Deriving the gradient hidden to hidden weights for backpropagation through time in a reccurent neural network

Question

I'm currently working on deriving the the gradients of a simple recurrent neural networks weights with respect to the loss to update the weights through backpropagation. It's a super simple network, so the derivative isn't the challenge, it's figuring out what exactly $\frac{\partial h_1}{\partial W_{hh}}$ is. When $h_1$ is the first hidden node and has no $W_{hh}$ coming into it from a previous node what happens here? Is there something that is supposed to be connected to $h_1$ (other than $x_1$ through $W_{xh}$)?

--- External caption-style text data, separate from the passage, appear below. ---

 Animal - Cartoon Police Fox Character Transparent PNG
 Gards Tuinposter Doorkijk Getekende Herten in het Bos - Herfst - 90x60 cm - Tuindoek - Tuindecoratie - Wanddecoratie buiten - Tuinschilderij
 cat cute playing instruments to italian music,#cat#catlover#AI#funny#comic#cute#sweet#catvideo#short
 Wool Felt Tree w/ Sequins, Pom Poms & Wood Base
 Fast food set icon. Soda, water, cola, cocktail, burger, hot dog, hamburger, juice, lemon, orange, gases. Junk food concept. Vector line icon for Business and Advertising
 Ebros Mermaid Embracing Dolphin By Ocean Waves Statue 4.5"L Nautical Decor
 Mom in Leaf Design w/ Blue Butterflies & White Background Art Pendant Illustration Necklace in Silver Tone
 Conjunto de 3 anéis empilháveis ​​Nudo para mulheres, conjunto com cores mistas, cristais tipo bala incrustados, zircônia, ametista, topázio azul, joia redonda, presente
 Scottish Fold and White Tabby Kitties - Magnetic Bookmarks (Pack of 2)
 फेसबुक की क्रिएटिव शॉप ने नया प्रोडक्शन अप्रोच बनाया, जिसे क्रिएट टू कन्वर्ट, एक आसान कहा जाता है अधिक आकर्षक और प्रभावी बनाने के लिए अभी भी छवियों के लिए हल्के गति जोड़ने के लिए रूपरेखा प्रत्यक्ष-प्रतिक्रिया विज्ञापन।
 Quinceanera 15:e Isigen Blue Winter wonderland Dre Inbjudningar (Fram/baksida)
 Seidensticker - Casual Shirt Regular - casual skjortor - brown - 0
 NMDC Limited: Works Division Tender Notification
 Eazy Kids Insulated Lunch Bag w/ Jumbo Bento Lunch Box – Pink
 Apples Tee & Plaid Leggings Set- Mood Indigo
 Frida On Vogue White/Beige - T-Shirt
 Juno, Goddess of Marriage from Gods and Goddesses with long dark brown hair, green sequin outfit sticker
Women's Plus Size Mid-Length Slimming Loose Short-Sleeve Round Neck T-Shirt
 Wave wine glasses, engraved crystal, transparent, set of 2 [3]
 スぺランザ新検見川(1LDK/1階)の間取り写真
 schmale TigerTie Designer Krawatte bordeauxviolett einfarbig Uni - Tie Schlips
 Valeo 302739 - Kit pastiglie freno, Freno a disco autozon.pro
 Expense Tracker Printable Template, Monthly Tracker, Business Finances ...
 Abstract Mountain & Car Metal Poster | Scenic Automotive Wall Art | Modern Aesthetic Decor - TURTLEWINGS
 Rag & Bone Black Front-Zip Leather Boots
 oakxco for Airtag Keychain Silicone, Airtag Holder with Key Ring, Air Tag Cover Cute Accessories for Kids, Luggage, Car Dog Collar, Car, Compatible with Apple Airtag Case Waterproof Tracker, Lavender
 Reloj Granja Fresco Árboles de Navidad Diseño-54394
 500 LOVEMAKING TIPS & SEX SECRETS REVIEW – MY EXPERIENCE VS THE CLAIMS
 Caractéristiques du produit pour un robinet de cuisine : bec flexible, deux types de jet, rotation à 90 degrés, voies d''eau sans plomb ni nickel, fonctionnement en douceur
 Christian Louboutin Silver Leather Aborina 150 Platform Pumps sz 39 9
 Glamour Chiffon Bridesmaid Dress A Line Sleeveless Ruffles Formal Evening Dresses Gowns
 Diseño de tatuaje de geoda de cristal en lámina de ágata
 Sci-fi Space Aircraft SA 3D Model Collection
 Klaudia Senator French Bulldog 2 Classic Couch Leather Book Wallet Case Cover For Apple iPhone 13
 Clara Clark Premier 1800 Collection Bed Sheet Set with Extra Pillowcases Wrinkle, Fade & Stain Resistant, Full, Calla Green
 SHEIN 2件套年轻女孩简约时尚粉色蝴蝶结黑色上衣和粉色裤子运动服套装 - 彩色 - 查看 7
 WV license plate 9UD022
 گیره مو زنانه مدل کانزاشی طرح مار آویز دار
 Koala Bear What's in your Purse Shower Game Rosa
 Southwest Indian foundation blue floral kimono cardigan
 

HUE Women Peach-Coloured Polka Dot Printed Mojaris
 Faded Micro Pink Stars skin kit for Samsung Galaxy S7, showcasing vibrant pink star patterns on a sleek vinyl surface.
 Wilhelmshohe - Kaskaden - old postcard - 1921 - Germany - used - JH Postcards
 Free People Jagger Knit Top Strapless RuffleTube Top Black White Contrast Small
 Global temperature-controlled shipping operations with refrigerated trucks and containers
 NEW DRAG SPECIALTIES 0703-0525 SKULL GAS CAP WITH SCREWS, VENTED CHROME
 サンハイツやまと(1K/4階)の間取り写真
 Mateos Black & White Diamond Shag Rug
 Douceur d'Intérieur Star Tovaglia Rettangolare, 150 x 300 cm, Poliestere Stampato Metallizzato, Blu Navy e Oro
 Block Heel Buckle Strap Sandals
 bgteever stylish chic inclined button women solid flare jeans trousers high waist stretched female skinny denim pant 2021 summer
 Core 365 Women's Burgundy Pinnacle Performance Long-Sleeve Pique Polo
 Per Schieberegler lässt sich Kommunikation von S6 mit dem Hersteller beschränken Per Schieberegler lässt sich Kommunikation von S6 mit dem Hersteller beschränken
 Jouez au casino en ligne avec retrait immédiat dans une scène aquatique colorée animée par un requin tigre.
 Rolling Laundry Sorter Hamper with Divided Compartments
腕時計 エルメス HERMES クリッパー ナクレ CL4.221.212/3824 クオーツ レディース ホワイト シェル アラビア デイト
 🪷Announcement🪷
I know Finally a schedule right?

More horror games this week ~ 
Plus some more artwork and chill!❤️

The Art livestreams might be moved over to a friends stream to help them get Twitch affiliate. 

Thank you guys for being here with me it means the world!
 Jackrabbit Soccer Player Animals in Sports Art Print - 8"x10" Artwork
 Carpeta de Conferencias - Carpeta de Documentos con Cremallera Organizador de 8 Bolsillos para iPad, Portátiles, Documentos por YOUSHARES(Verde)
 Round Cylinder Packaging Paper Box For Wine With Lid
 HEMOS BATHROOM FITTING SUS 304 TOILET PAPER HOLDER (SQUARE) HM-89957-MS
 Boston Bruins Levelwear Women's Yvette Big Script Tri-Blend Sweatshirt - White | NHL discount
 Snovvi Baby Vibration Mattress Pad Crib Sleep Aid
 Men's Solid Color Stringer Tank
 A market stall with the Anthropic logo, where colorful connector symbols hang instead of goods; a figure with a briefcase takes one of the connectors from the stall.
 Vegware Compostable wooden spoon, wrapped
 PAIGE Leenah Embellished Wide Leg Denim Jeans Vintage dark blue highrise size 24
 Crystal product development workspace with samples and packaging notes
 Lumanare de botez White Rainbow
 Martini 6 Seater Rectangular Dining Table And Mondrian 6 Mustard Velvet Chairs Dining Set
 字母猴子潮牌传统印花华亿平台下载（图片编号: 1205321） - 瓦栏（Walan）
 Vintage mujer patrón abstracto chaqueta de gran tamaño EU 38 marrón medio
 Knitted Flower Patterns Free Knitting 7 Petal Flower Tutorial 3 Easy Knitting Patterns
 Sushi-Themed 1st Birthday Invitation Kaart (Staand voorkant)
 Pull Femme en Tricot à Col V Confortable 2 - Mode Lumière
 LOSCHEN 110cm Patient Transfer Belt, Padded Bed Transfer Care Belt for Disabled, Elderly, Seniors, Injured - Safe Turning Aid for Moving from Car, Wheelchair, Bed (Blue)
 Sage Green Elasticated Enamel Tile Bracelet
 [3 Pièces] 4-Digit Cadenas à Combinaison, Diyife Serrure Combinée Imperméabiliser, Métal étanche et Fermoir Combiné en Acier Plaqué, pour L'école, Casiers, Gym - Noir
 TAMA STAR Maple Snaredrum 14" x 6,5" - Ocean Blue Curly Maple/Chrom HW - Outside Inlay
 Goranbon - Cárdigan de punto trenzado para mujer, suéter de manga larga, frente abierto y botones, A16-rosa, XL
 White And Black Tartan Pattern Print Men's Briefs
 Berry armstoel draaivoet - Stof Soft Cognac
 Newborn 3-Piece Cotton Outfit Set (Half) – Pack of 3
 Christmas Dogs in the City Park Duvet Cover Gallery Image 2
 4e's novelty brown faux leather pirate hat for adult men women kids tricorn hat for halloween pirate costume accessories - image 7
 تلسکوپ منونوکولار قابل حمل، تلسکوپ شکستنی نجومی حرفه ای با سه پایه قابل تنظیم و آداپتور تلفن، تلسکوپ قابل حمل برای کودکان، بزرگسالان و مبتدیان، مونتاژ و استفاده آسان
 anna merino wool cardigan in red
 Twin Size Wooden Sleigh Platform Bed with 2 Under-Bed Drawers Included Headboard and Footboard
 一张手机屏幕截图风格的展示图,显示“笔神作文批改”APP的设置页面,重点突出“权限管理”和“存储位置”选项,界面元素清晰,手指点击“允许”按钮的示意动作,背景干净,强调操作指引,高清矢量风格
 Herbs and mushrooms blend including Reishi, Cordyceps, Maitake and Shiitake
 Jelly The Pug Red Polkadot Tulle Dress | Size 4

Below is the gradient I'm looking at for reference and I'm looking for the very last term when $k=1$.

Answer 1

Derivative of unrelated variables

If $h_1$ is no function of $W_{hh}$ (which is the case for the first time-step), then $$\frac{\partial h_1}{\partial W_{hh}} = 0$$ This will then lead to the whole summand for $k=1$ being $0$ and we could rewrite it as

$$\frac{\partial L}{\partial W_{hh}}=\sum_t^T\sum_{k=2}^{t+1}\ldots$$

(Note the $k=2$ part, here).

The first time-step

So why not just simply start with $k=2$?
Because based on the link you gave, the first timestep is $t=0$:

NOTE: At the first time step, t=0, there are no previous outputs, so they are typically assumed to be all zeros.

This means that $$h_1 = f_h(X_1, h_0)$$ but $$\frac{\partial h_0}{\partial W_{hh}} = 0$$ This is the reason, that the sum in the derivative starts at $k=1$ and not $k=0$.